Captioned web image data:
=======

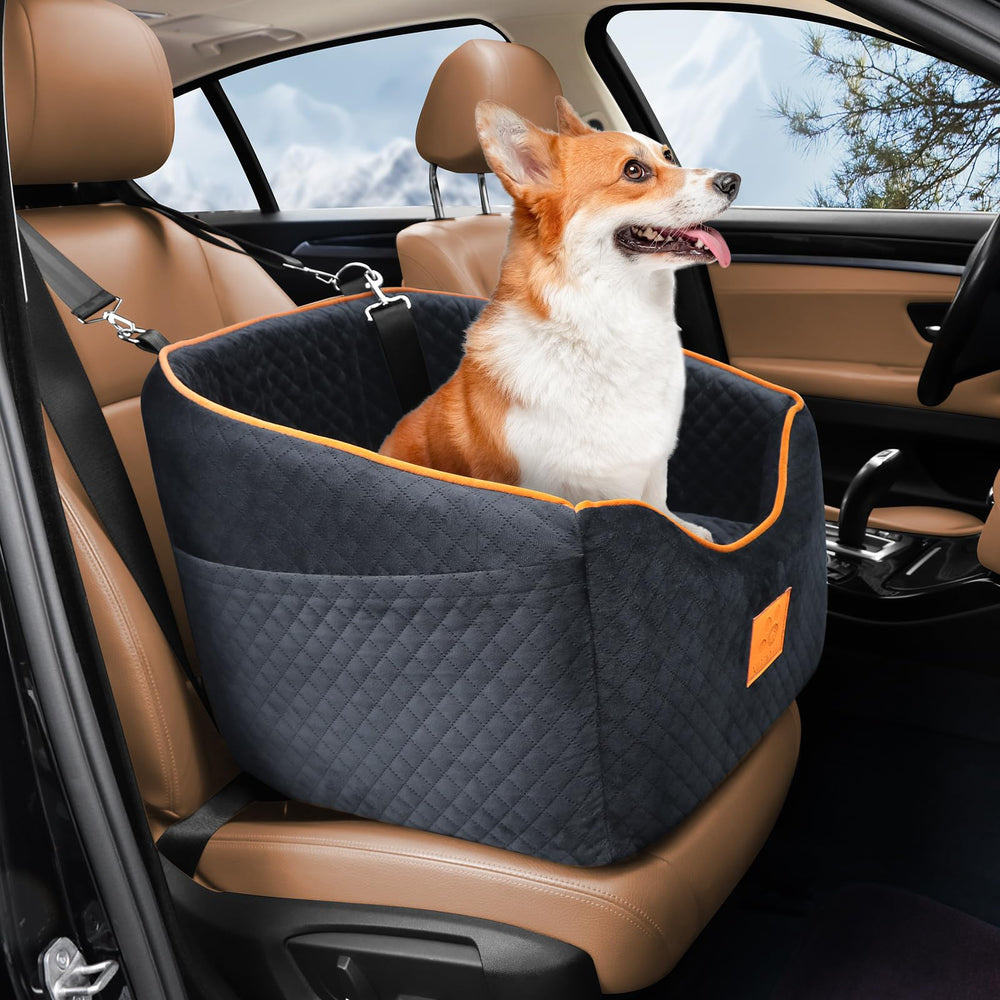 XIEEAOZEE memory foam booster dog car seat for small dogs on road trips.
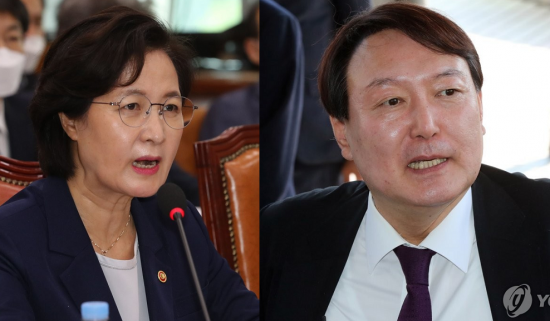 추미애 법무부 장관(왼쪽)과 윤석열 검찰총장. [이미지출처=연합뉴스]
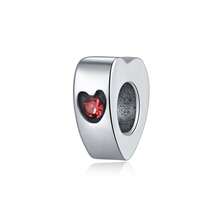 1pc Fashion Red Series Heart, Square, Bell, Flower, Bow, Cup, Key, Baseball, Home, Peace Dove Pendant, Suitable For Girls And Women DIY Bracelet Necklace Fashion Jewelry Making Gift Valentine's Day - Red - View 3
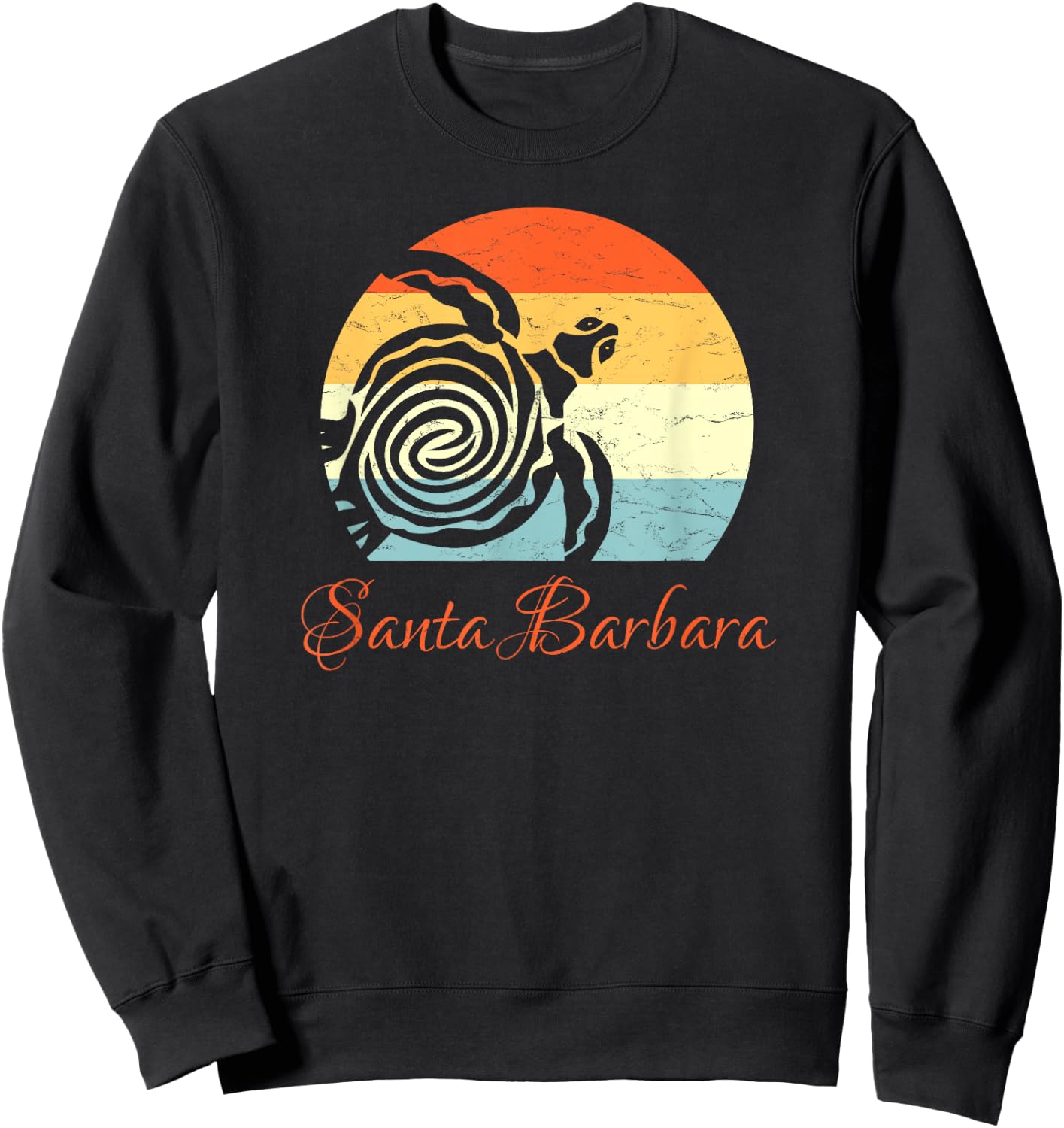Santa Barbara, California Vintage Retro Sea Turtle Sweatshirt - Sweatshirt | Black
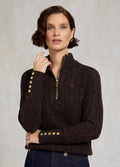 Holland Cooper Bridget Quarter Zip Knit - Chocolate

=======

Task description:
Skip every picture and transcribe the data above exactly.

Exercise output:
 XIEEAOZEE memory foam booster dog car seat for small dogs on road trips.
 추미애 법무부 장관(왼쪽)과 윤석열 검찰총장. [이미지출처=연합뉴스]
 1pc Fashion Red Series Heart, Square, Bell, Flower, Bow, Cup, Key, Baseball, Home, Peace Dove Pendant, Suitable For Girls And Women DIY Bracelet Necklace Fashion Jewelry Making Gift Valentine's Day - Red - View 3
Santa Barbara, California Vintage Retro Sea Turtle Sweatshirt - Sweatshirt | Black
 Holland Cooper Bridget Quarter Zip Knit - Chocolate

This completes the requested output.